LENSAINDONESIA.COM: Sebuah aplikasi berbasis peer to peer dengan label KOMUNAL berhasil menyalurkan dana sekitar Rp100 miliar untuk pengembangan usaha kepada UMKM berpotensi di Jawa Timur. Aplikasi untuk fasilitas pinjaman modal ini tepat terdaftar dan diawasi oleh Otoritas Jasa Keuangan (OJK).

Chief Operating Officer (COO) KOMUNAL, Rico Tedyono menjelaskan, OJK memberikan arahan kepada perusahaan Fintech untuk fokus pada tiga sasaran prioritas.

“Jadi rekomendasi dari OJK di tahun 2020 yaitu kita berfokus pada tiga sasaran yaitu sektor UMKM, perempuan dan ibu rumah tangga, dan petani atau nelayan.”, kata Rico dalam keterangan pers kepada Lensaindonesia.

Ketiga sektor tersebutlah yang menjadi fokus KOMUNAL untuk membantu program pemerintah mencetak wirausaha baru. “Membantu para startup atau para entrepreneur muda untuk bisa memulai usaha mereka,” lanjut Rico.
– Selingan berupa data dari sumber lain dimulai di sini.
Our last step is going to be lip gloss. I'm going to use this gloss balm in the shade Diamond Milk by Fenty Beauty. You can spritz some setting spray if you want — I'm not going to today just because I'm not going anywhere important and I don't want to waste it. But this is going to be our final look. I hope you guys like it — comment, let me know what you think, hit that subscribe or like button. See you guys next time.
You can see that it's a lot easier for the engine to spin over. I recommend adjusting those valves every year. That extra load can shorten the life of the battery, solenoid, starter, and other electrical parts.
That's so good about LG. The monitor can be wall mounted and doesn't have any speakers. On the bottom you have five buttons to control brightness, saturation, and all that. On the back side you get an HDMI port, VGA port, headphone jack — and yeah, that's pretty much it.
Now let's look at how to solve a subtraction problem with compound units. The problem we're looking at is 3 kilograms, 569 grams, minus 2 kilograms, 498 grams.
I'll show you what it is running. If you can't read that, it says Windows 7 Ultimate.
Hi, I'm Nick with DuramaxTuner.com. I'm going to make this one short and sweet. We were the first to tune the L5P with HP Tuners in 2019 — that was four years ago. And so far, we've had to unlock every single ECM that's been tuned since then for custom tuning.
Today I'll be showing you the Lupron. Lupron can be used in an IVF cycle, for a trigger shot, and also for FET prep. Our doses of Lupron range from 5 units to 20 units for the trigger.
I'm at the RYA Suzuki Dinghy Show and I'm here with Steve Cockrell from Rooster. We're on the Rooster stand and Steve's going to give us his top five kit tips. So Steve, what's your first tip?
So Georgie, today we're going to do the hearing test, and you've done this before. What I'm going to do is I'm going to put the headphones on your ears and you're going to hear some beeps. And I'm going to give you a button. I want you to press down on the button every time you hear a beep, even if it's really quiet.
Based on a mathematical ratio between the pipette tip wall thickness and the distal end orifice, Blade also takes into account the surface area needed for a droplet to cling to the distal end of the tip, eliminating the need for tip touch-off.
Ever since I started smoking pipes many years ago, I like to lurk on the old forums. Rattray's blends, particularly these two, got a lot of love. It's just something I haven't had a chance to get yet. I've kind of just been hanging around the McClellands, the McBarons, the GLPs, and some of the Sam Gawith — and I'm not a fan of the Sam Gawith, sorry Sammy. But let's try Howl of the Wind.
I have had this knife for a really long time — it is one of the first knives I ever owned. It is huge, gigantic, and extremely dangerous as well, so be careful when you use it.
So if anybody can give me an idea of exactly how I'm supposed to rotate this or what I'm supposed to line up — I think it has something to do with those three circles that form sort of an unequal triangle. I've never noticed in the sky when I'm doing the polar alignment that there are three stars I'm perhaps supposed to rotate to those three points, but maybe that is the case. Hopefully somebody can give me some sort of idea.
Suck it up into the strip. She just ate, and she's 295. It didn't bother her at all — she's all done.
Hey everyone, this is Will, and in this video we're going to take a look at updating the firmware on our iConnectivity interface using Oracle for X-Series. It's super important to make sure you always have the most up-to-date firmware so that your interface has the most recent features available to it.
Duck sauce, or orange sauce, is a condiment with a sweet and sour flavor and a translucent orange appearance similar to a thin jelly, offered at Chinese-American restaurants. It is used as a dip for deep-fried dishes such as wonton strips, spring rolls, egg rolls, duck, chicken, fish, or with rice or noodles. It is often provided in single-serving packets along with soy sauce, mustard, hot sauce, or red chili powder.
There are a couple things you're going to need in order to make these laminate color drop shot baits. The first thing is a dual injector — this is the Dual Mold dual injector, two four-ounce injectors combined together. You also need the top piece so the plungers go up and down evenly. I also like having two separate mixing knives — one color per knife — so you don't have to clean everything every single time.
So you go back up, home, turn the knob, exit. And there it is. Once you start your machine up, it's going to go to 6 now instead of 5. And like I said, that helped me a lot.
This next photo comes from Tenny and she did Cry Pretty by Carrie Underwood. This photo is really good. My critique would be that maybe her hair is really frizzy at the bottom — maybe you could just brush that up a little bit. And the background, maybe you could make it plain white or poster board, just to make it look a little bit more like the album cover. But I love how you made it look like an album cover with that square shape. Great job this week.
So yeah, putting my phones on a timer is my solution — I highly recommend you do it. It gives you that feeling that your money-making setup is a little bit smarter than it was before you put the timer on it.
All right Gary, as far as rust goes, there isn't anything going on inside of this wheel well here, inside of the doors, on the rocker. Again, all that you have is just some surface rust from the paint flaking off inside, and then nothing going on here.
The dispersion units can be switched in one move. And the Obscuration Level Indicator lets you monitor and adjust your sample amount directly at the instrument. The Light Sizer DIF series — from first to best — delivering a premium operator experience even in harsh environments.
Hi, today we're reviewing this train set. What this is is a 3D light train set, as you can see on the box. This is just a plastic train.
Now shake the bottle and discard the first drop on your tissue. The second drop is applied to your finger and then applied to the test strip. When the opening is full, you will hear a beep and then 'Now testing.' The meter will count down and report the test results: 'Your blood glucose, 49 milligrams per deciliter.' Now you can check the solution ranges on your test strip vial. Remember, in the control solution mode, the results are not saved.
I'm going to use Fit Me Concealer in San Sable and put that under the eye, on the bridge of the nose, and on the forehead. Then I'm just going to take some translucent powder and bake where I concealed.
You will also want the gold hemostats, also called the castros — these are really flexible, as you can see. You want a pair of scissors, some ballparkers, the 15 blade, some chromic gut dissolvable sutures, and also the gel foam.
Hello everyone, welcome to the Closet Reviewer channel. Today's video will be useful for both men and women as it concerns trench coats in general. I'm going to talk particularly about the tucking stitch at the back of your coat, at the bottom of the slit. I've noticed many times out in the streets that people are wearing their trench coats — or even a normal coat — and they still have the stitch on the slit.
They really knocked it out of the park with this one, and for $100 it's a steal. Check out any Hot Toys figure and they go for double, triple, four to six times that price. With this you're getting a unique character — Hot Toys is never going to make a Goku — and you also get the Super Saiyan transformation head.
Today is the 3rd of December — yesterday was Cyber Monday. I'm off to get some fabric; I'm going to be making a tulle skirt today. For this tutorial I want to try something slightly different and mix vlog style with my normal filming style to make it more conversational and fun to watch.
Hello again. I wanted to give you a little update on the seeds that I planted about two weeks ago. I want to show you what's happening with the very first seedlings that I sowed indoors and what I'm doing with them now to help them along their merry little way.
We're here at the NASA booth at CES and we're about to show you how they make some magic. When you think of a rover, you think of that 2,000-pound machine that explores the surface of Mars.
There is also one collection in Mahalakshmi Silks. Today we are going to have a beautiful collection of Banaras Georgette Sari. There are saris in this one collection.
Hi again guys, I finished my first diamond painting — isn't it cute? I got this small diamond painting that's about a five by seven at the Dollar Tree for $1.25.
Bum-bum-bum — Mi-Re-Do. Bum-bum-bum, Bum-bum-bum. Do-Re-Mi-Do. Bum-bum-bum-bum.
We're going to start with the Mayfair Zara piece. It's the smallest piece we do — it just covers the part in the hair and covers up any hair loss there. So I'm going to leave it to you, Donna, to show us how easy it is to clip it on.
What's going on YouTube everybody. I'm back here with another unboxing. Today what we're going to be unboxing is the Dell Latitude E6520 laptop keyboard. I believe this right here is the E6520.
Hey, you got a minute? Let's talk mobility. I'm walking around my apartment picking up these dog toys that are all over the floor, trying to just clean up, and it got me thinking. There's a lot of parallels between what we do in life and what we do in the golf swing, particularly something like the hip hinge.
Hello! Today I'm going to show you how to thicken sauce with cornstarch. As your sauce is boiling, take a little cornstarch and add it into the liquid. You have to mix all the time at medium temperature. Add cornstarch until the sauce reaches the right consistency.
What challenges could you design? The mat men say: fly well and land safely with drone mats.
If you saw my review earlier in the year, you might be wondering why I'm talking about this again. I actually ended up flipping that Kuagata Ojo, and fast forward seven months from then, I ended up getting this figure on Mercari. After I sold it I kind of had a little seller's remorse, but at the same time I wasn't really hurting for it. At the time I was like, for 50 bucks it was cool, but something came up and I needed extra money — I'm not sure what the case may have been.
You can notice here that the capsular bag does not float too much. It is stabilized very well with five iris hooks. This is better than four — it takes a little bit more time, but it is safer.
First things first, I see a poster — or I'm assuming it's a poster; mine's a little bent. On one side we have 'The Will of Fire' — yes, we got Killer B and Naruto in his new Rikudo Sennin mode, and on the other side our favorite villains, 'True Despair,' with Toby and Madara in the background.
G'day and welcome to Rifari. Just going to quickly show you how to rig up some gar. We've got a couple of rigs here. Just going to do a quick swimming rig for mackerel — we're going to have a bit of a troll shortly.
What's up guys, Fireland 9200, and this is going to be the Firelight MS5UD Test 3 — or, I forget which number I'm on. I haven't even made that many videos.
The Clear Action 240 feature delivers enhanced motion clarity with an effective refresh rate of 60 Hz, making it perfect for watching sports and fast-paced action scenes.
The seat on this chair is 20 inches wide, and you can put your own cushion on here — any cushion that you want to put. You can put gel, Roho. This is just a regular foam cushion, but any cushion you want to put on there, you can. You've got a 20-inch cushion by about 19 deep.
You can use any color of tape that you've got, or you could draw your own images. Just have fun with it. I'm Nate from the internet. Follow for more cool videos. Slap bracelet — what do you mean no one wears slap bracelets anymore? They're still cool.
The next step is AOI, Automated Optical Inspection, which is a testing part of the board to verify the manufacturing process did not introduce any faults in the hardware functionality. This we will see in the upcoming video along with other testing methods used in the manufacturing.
Rico melanjutkan, sejak mulai beroperasi pada tahun 2019 KOMUNAL telah menjembatani para investor untuk mengembangkan dana serta berkontribusi memajukan perekonomian UMKM.

“Jadi per hari ini ada UMKM yang mendapatkan pendanaan mulai dari 10 juta Rupiah, bervariasi sampai dengan 50 juta Rupiah untuk sektor UMKM yang baru atau ukurannya masih kecil. Bahkan untuk beberapa badan usaha, kita pernah menyalurkan dana di angka 500 juta, 750 juta, bahkan rekor kami yang terbesar di 1,9 miliar pada satu instansi,” jelas pria asal Surabaya tersebut.

Disamping memberikan pinjaman dana yang aman dan transparan, KOMUNAL juga turut aktif untuk memberikan edukasi kepada masyarakat agar tidak terjerat hutang melalui fintech bodong.

“Kami digandeng OJK untuk bersama-sama memberikan edukasi kepada masyarakat untuk memerangi industri keuangan bodong atau yang tidak berizin.” ucap Rico.

Untuk meningkatkan kenyamanan dan keamanan pengguna, KOMUNAL telah memperoleh sertifikasi ISO 27001:2013 sejak November 2019 tentang pengelolaan risiko terhadap keamanan informasi dan sertifikat Fintech Data Center (FDC) dari Asosiasi Fintech Pendanaan Bersama Indonesia (AFPI) sejak Februari 2020.

Sebagai salah satu platform Peer-to-Peer Lending di sektor produktif asli Surabaya, KOMUNAL didirikan oleh Hendry Lieviant sebagai CEO (Chief Executive Officer) dan Rico Tedyono selaku COO (Chief Operating Officer).